The Giant's Causeway
I noticed that the soil around the causeway coast is a rich red colour that I had only ever experienced before in the Australian Outback. As I mentioned, the Giant's Causeway was created by intense volcanic activity. This means lots of lava. Following the outpouring and cooling of each lava flow, there was a prolonged period of inactivity. This allowed the topmost section of the land to be exposed to persistent weathering which in turn formed a soil rich in iron called laterite. When the iron in the soil oxidizes, the soil turns red. I had always assumed that the red soil in Australia had something to do with how hot it was. This is not true and very prevalent as it is certainly not ever hot here on the causeway coast.

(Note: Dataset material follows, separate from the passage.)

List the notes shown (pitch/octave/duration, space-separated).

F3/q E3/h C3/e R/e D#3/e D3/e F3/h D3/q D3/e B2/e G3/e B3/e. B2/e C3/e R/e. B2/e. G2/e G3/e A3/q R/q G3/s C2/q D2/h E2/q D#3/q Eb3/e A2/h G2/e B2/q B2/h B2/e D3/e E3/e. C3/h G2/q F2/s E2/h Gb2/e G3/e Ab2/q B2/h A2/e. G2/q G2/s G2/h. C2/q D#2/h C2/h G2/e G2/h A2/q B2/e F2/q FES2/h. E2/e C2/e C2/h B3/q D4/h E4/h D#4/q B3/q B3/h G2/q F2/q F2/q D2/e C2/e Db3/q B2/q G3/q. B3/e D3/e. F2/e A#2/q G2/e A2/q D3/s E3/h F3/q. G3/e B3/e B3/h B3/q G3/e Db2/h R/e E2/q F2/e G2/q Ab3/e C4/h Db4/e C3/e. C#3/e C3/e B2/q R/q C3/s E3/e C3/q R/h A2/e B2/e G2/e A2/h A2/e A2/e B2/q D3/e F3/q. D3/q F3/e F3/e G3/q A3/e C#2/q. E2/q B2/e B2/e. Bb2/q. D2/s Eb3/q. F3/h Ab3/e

Unlike Carrick-a-Rede rope bridge, the Giant's Causeway is wheelchair accessible. There is even a shuttle bus that runs frequently to take you from the state of the art visitor centre to the site of the rocks. My younger brother is wheelchair bound and found it easy to maneuver. He is definitely an inspiration to me as he has not let his wheelchair hinder his global travel adventures. He has literally been all around the world in a wheelchair. My mother who has difficulty walking sometimes also managed to enjoy the Giant's Causeway. These are factors that you need to take into consideration when planning a family holiday.
Our final stop on this journey is to the Dark Hedges. The iconic setting for many scenes in the Game of Thrones series. The Dark Hedges are about a 20-minute drive from the Causeway Coast. It is quite hard to find. Even though many tourists manage to eventually find the one road that features the famous over-lapping trees. There are no landmarks to guide you there. My family and I managed to find it only because we drove past the Dark Hedges Estate Unlike the Giant's Causeway, these trees are not naturally occurring. The beautiful avenue of beech trees were planted by the Stuart family in the 18th century. This is what makes this avenue so unique. The trees were planted to create a grand entrance to the estate. Little did they know, it made a grand entrance as the King's road leading into King's landing in Game of Thrones hundreds of years later.

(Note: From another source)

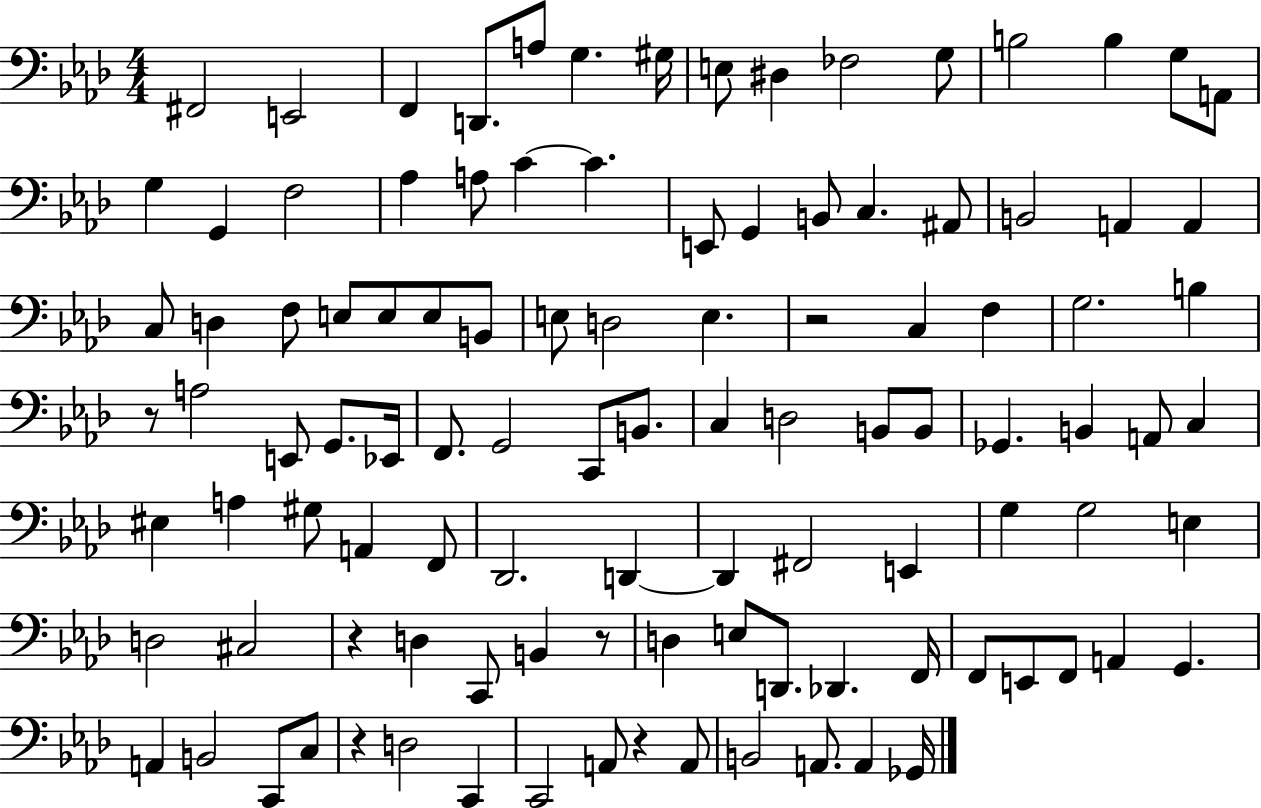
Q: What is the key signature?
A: AES major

Entrance to the Dark Hedges Estate
The Dark Hedges are nothing short of incredible. It is no wonder that it has been attracting painters and artists for centuries. There is a little bit of a spookiness to them. The way that the trees interlock makes the avenue very dark even in the middle of the day. I would suppose that is how it got its name as the Dark Hedges. The Irish are very superstitious people and there are legends about almost everything. Locals believe that the hedges are haunted by a spirit known as the Grey Lady. The Grey Lady is thought to be one of the housemaids of the Estate who died mysteriously hundreds of years ago. Whatever you believe, this place is a sight to be seen.